The definition of legal weight will be decided in civil court if there is a suit. The opposing lawyer will attempt to show negligence anyway possible. If the lawyers can establish one where exceeding any of the manufacturers ratings it will give them data and ammunition to use against someone.
Now I don't believe this data is routinely presented in court because for the most part the hard data is not available.
However I'm not naïve enough to believe over ratings data is never presented in civil court.
Civil court is not traffic court. Civil court is not deciding if you get a ticket. Civil court decides on negligence and the law suit portion of a case. In a case involving loss of life there are often two trials!

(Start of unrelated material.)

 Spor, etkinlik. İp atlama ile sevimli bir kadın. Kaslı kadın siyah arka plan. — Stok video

Once that truck or trailer leaves the scene of the accident the lawyer loses all ability to prove anything.

That really depends on the truck and what it was carrying/towing.

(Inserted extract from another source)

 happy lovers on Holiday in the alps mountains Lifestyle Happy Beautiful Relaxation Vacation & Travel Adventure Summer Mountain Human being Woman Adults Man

I don't think any blanket statements apply.
Plenty of lawyers on here, go ahead, provide a link to an actual court case, prove my "blanket" statement is wrong.

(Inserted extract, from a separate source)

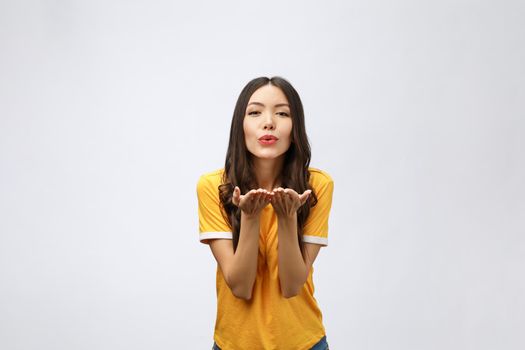 Portrait of a young cute woman blowing kiss at camera isolated on white background.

I know what your saying. Since you would spend forever and still not find one, that would be a giant waste of time,

Your right. There are no injury lawyers looking for cases 24/7.
Those commercials I see are an illusion.
Given a case involving an overloaded vehicle a lawyer would never pursue that angle.
Maybe I should cancel my liability policy, get a smaller truck and fly by the seat of my pants cause a guy on the internet said it doesn't work that way.